Final Battle Concert (Episode 14)
This episode was first broadcast at 21:10 (UTC+8, 14:10 in London, 9:10 in Eastern USA) on October 1, 2014. The final battle concert was held in Macau.

Live show

Episode 15: Finals (7 October)
This episode was first broadcast at 20:00 (UTC+8, 13:00 in London, 8:00 in Eastern USA) on October 7, 2014. The final concert was held in Capital Indoor Stadium, Beijing. Zhang Bichen was named the winner.

Artists' appearances on earlier seasons or other talent shows 
 Li Man sang in the blind auditions and revival round for season one, but both failed to turn any chairs. Both performances were not broadcast on television, but on http://v.qq.com/cover/b/brya6a9oh56w2dc/e00156bxylw.html.
 Mark Chang and Rose Liu appeared on the fourth season and the fifth season of One Million Star, and both of them finished in the second place.
 Eve Ai and UZ Qin appeared on the first season and the fifth season of Super Idol  as a challenger in the Challenging Round respectively. Ai also participated in the fifth season of Super Idol as a contestant, and went on to become the winner of the show.
 Cheng Shin-ci and Wendy Woo appeared on the second season and the third season of Chinese Million Star, and finished in the second and fifth place respectively.
 Tang Siu Hau appeared on the first season of The Voice, the singing competition from TVB, and finished in the sixth place.

Ratings

The data determined by CSM.

International broadcast

Singapore 
In Singapore, the Singaporean audition shows were aired at 20:00 on July 10 and 17, 2014; the first episode aired at 19:00 on July 19, 2014. All the subsequent shows will be aired every Saturday.
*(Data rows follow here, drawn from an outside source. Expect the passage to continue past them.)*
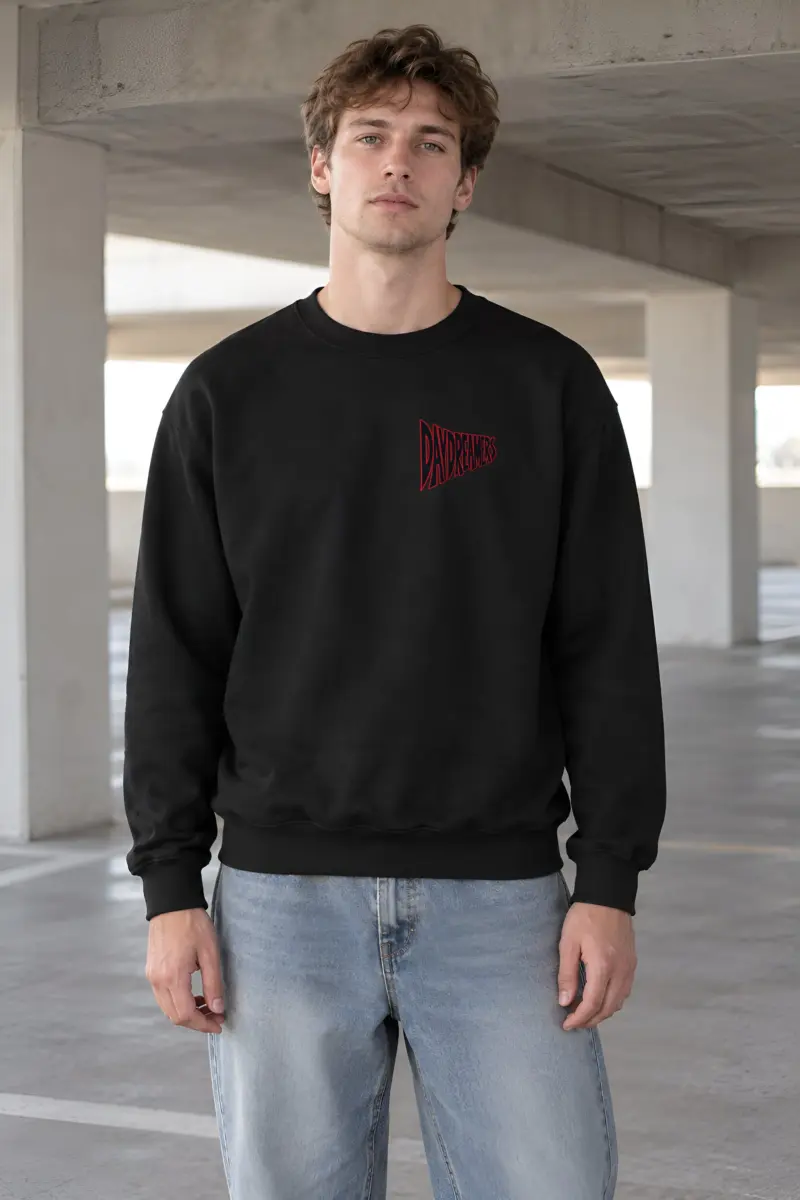 "Daydreamers Singer Poster" Heavy Blend Unisex Crewneck Sweatshirt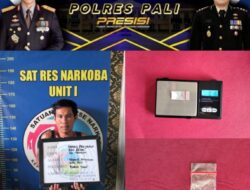 Sat Res Narkoba Polres PALI terus mempersempit ruang gerak peredaran Narkoba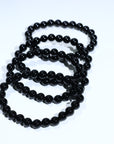 Black Agate Crystal Bracelet
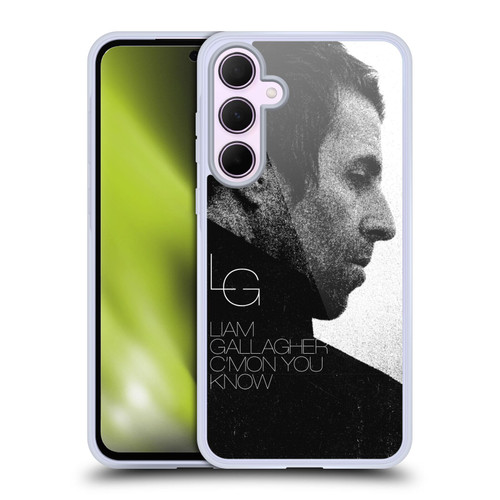 Liam Gallagher Graphics C'mon You Know Album Soft Gel Case for Samsung Galaxy A35 5G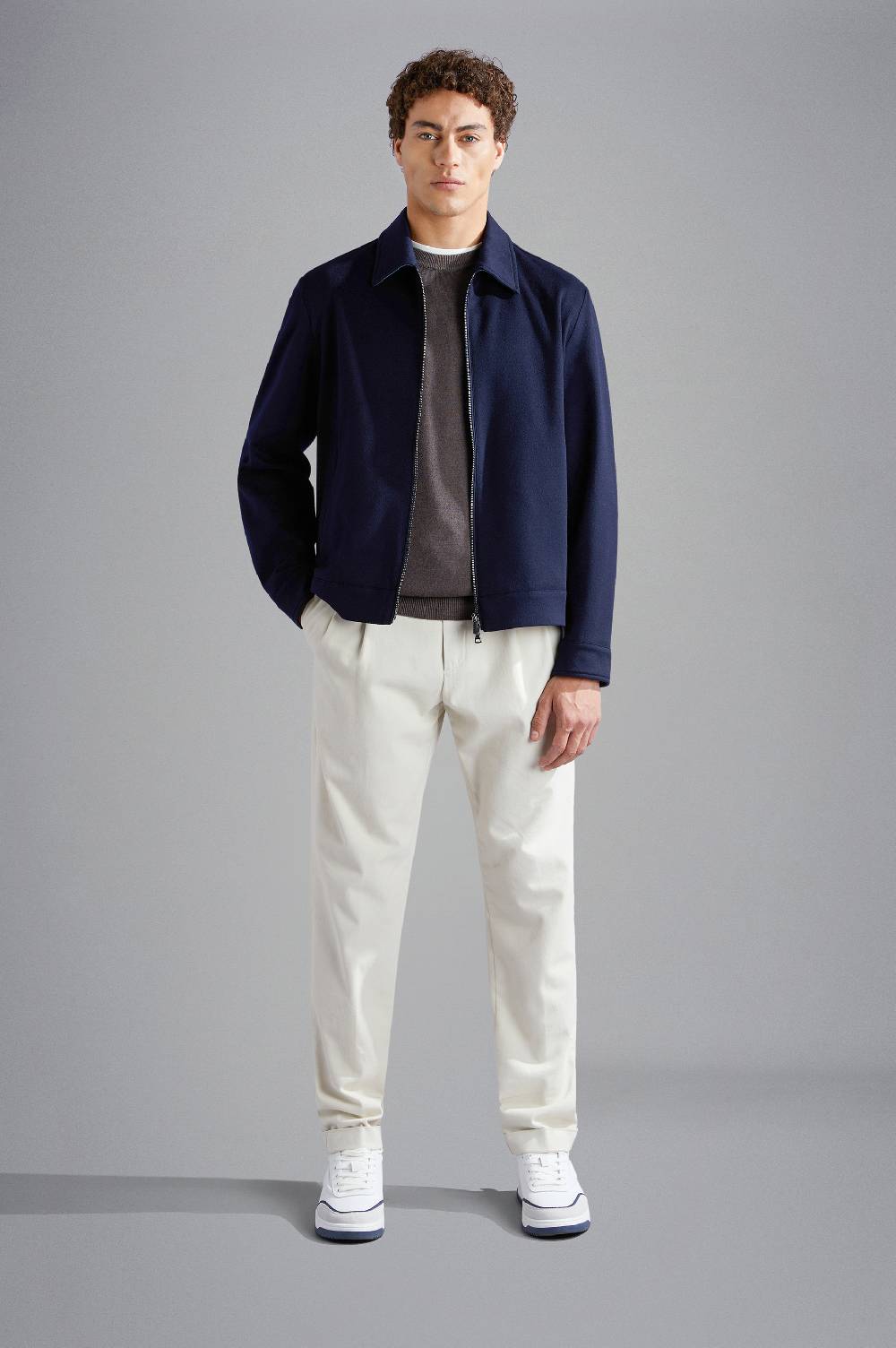 Paul & Shark Shacket in Cashmere Paul & Shark Italy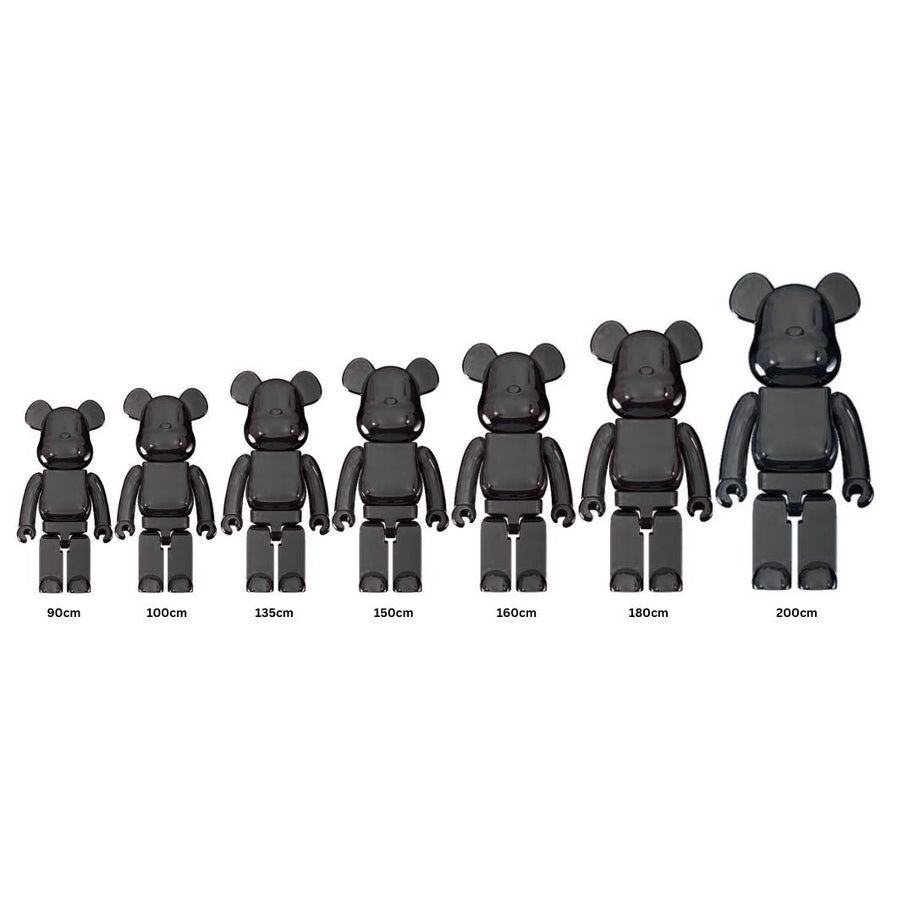 Electroplating Multicolour Bearbrick Statue Large-MinimalisticDecor.com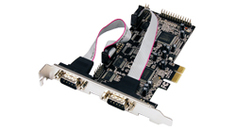 Контроллер расширения ST-Lab I-472 RS-232,6 COM Ports (MosChip/NetMos 9845), PCI-e, Retail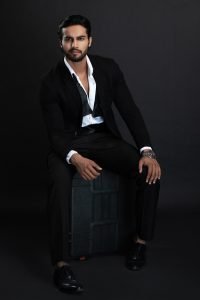 modeling portfolio image of Faizan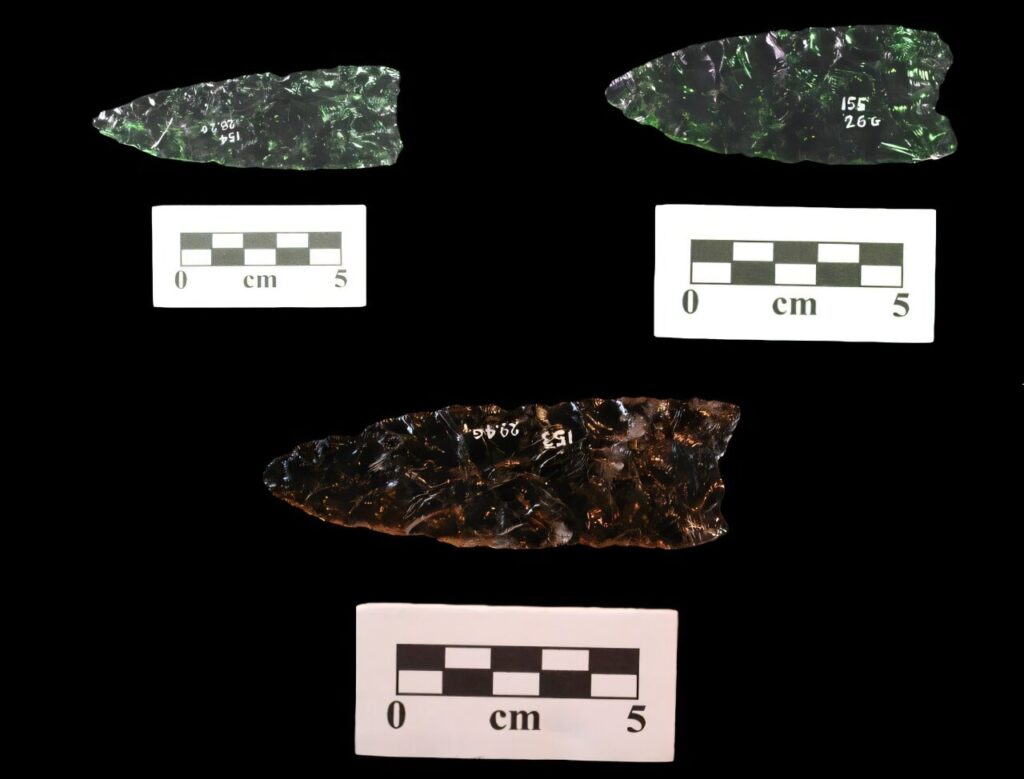 Archaeologists Discover 13000 Year Old Crystal Spears Engineered with Mathematical Precision
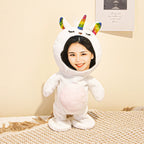 唱歌走路動物 照片訂製禮物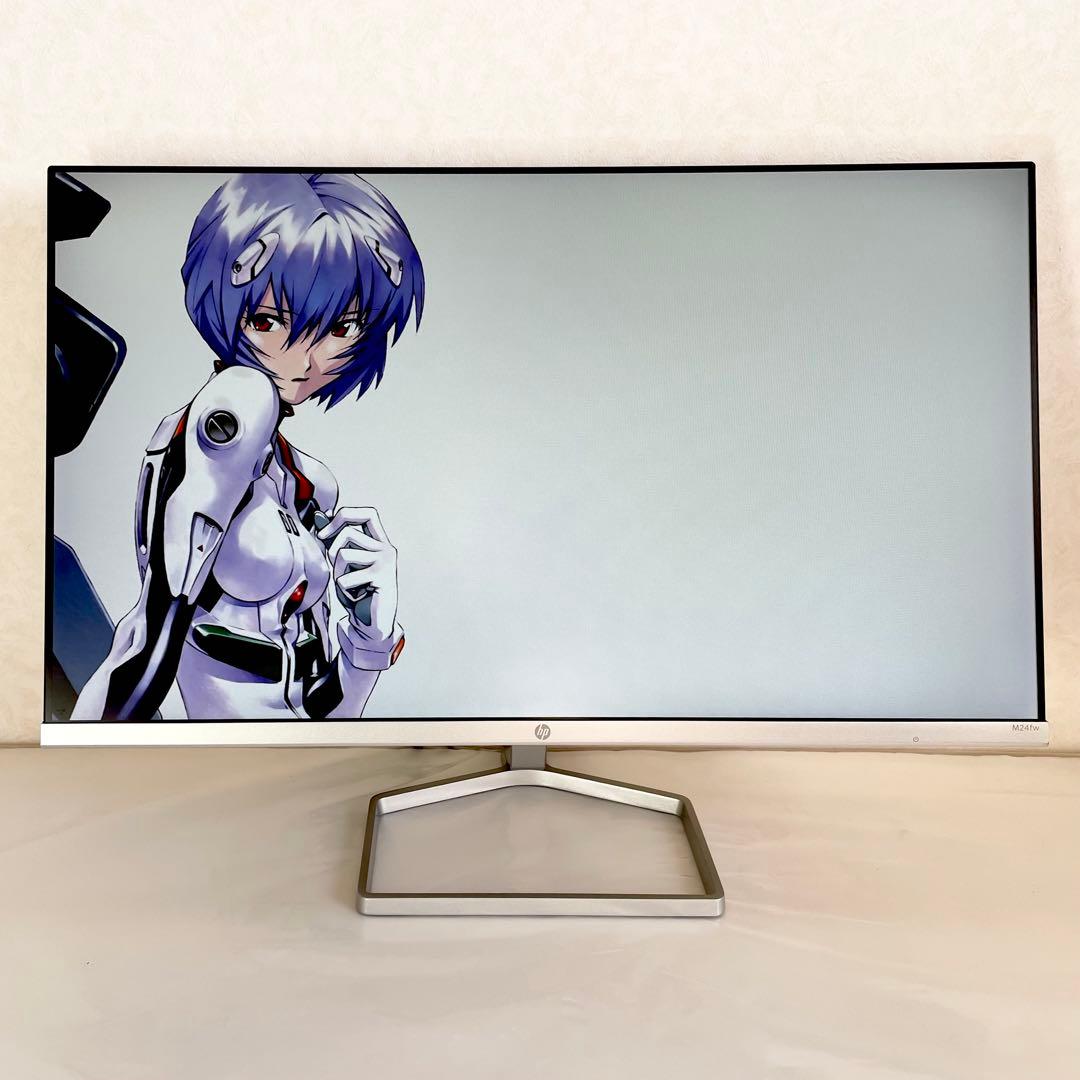 HP M24fw 23.8インチ フルHD display 超狭額ベゼルモニター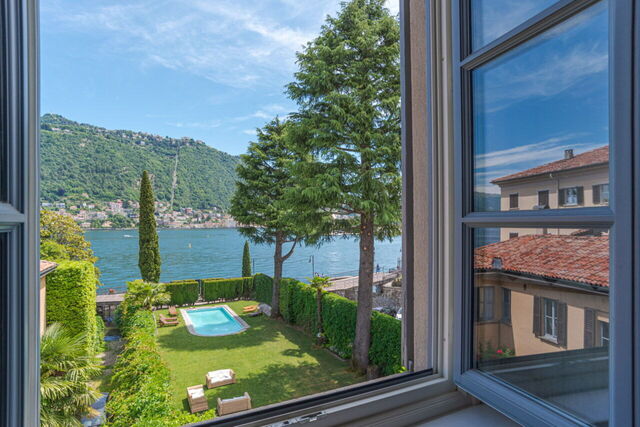 Villa Gallietta, vista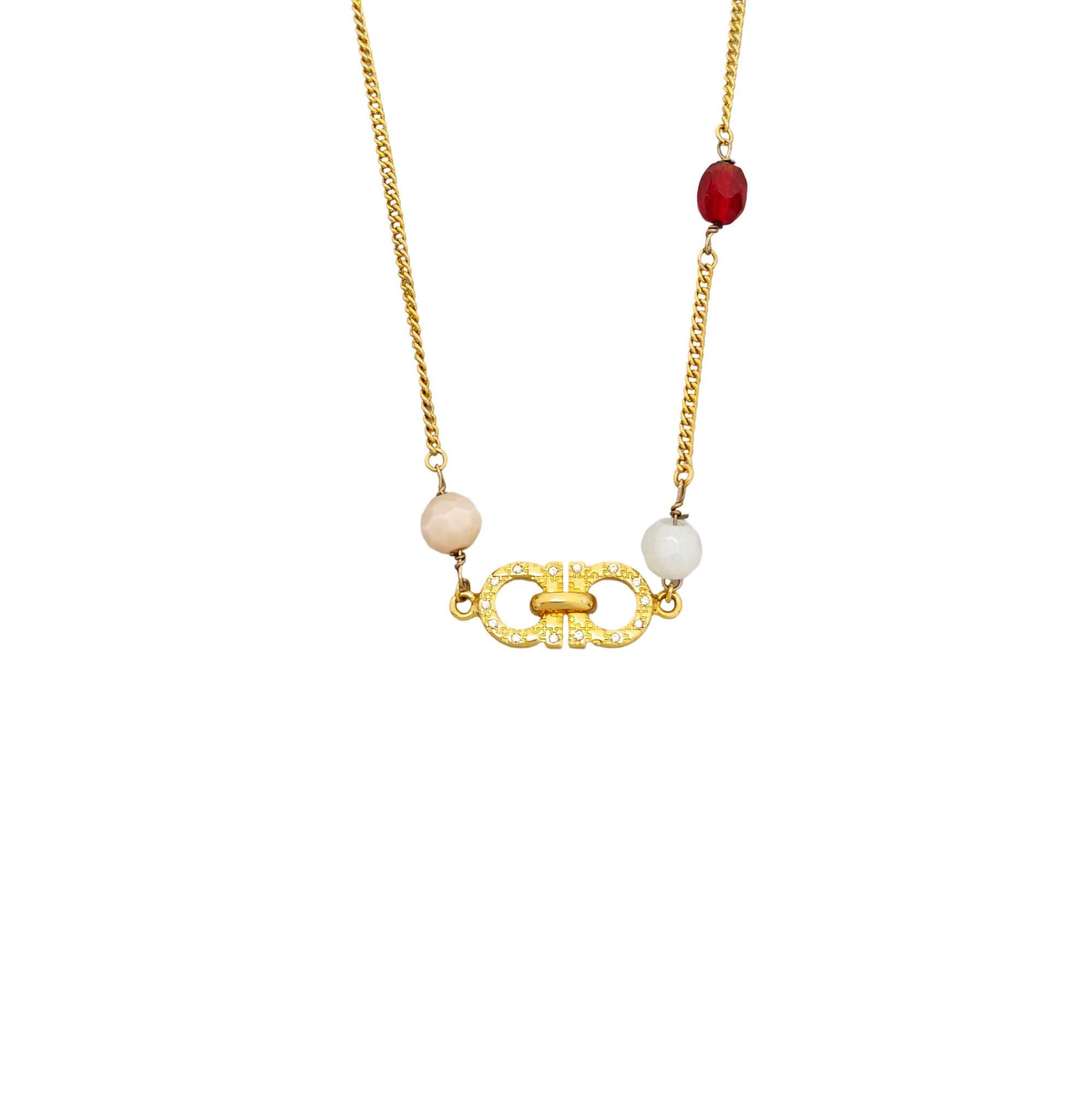 Collar Dorado de Metal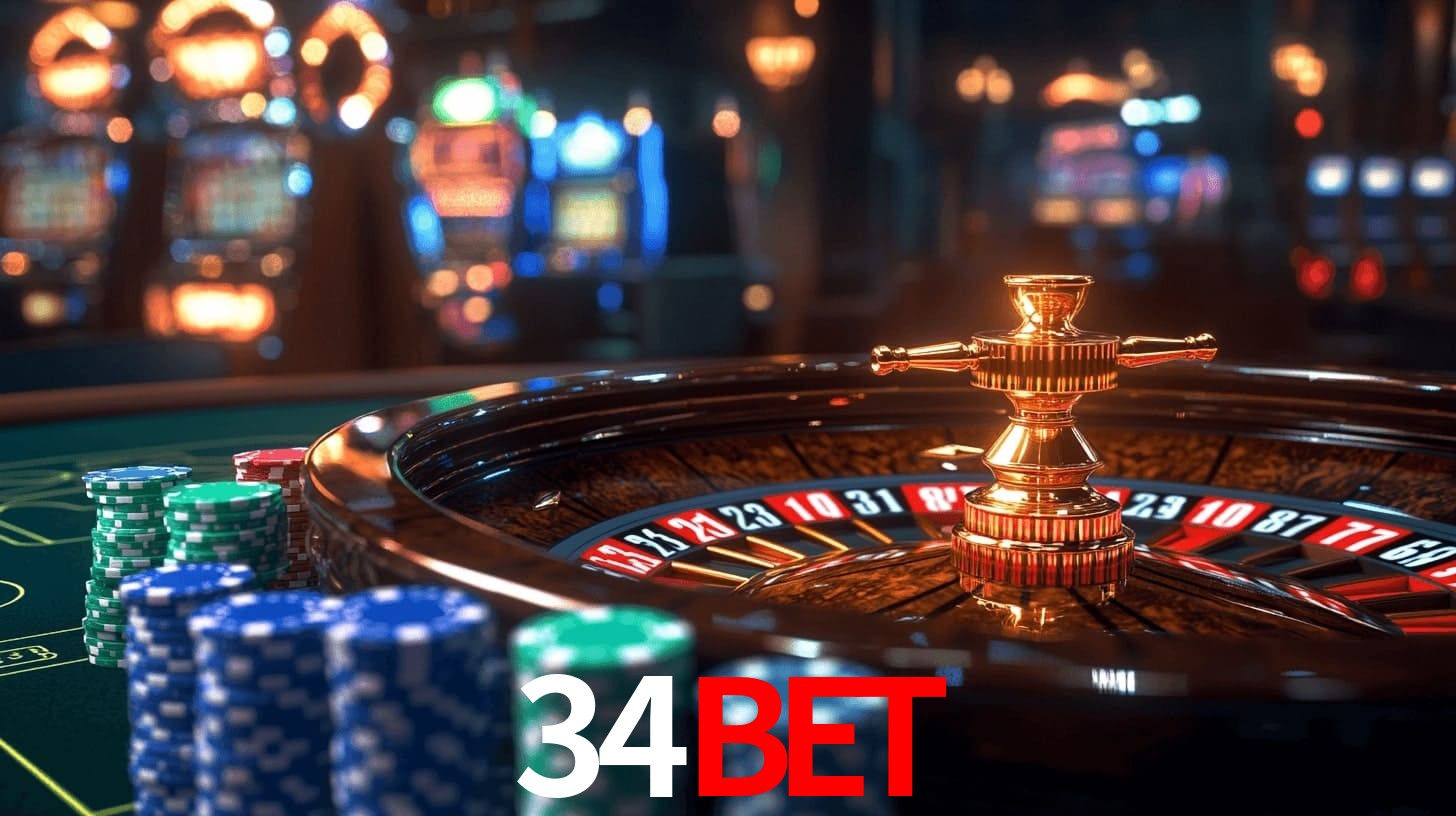 34BET: Seu Cassino Premiado com Pagamentos Rápidos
All shows above aired at MediaCorp Channel 8. Using the Toggle app, viewers in Singapore can watch the show exactly the same time Zhejiang TV broadcast for the first time (21:10 every Friday).

The 4th episode was postponed to 22:30 on August 9, 2014 due to the Singapore National Day Parade.

Malaysia 
In Malaysia, the Malaysian qualification shows were aired at 22:30 on July 5 and 12, 2014; the regular episodes will be aired every Saturday, starting from July 19, 2014 at 8TV.

Hong Kong 
In Hong Kong, the first episode aired at 21:10 on July 18, 2014 at now Hong Kong. The first episode aired at 13:15 on August 24, 2014 at HD Jade.

Taiwan 
In Taiwan, the first episode aired at 20:00 on September 13, 2014 at CTi Variety.